I look back and laugh now, but in that moment, it sucked. I was in the Furnace of Affliction. This was going to be an awfully crappy story of how I flunked out of grad school, after just one semester. And I felt like I was burning alive in a hot piece of metal.
Things worked out. But it was a long 14 weeks.
January 2018
For the Spring, things pick up exactly where they left off. Instead of 80+ hours, I’m probably doing closer to 70 now. Beyond that, this time around, there’s no academic probation, so there’s a bit less pressure in that regard. In general, the circumstances were far better. This semester is heavy on reading though, since I’m enrolled in 3 seminars. I’m responsible for about 300 pages of reading every week, in addition to about 75 pages of writing by the end of the semester. And let me be clear: every Professor thinks their class is the most important class, so that’s always fun, when you’re reading 300 pages every week.

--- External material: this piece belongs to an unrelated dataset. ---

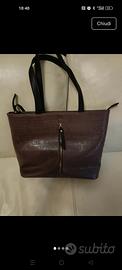 borsa a spalla swish jeans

And I got dragged, again. PhD programs are interesting, because your classes are absolutely tiny. My biggest class was 4 students and my smallest class was 2 students. Have you ever been in class that small, for 3 hours, with a Professor that you absolutely did not like? Or maybe a Professor who isn’t particularly fond of you? Or a 3-hour class that you didn’t have the opportunity to read for before hand… and you’re only in there with two or three other students? Yeah, it’s definitely a hot seat, no pun intended.

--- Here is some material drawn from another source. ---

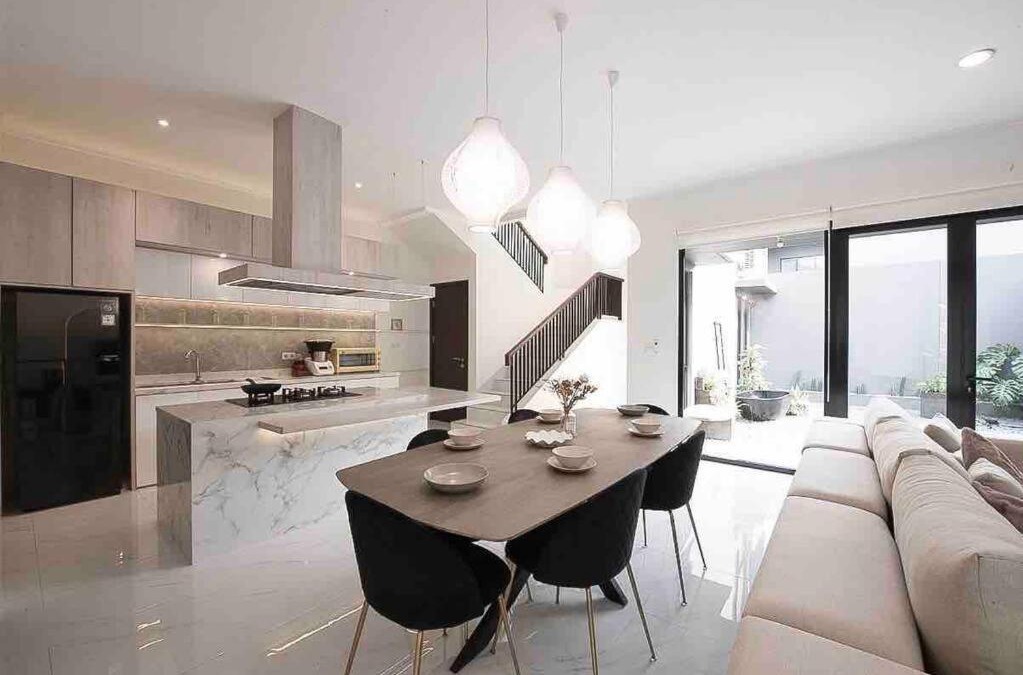 Java Villa | Creative Luxury Villa, New Year Staycation (10)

Of the 3 seminars I had, 2 of them were from my department. There are aspects of the PhD journey that mirror the private sector. First impression are lasting impressions. Their impression of you in Year 1 will largely color their view of you for the remainder of the program. YES, there’s a lot of pressure. There’s a lot riding on your performance in your classes, and if Professors think you’re a weak student, they may be less interested in working with you. Similarly, everyone is doing brand management… every moment you’re in class, you’re trying to develop a reputation as an exemplary student. The reality is though, quite frequently, you don’t always feel like a great student. In my case, you’re coming off a semester where you almost flunked out of school, so you’re absolutely not feeling like a great student.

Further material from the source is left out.